== Task item ==
From the records below, output exactly the lines starting at the line with "A 1968 Vancouver" and ending at the line with "Ebonised piano stool with gilded decoration", both of them included, but no pictures.

== Data under study ==
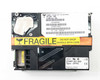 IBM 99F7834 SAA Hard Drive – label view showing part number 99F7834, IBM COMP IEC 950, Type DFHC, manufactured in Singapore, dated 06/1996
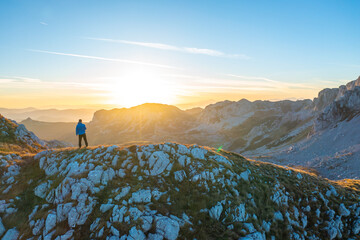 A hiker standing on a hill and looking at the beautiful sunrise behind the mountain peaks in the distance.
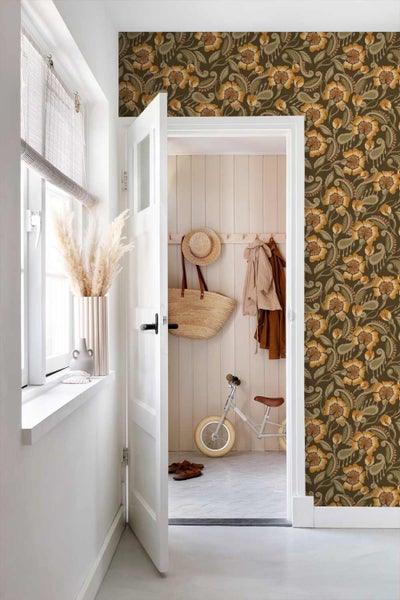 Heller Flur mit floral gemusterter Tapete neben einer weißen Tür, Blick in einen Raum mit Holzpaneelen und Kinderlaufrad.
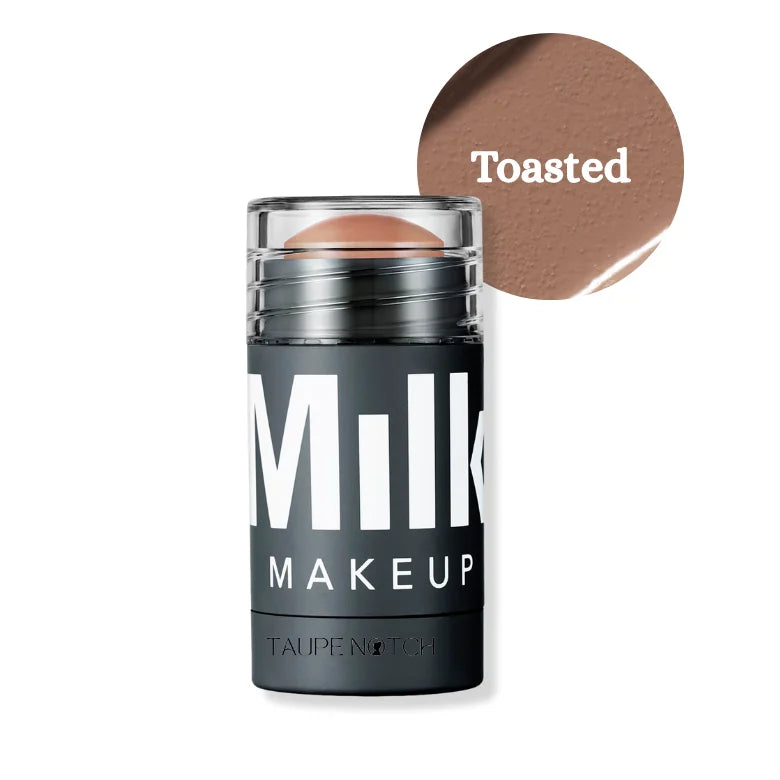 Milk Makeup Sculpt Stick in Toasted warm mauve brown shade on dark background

---

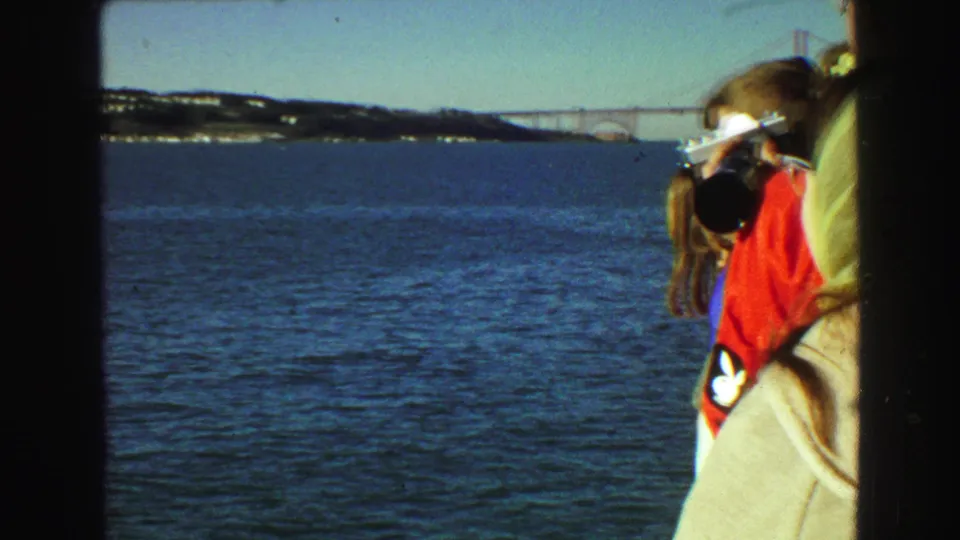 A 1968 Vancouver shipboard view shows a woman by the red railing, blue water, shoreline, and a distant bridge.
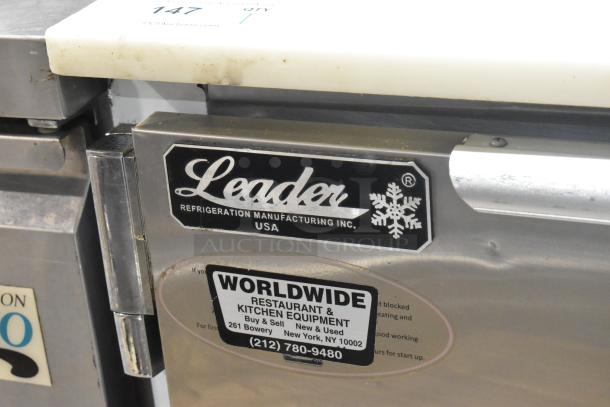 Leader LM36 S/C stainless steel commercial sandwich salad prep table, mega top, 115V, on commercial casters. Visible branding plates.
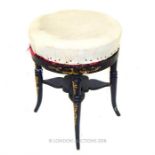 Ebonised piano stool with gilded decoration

== Exercise response ==
 A 1968 Vancouver shipboard view shows a woman by the red railing, blue water, shoreline, and a distant bridge.
 Leader LM36 S/C stainless steel commercial sandwich salad prep table, mega top, 115V, on commercial casters. Visible branding plates.
 Ebonised piano stool with gilded decoration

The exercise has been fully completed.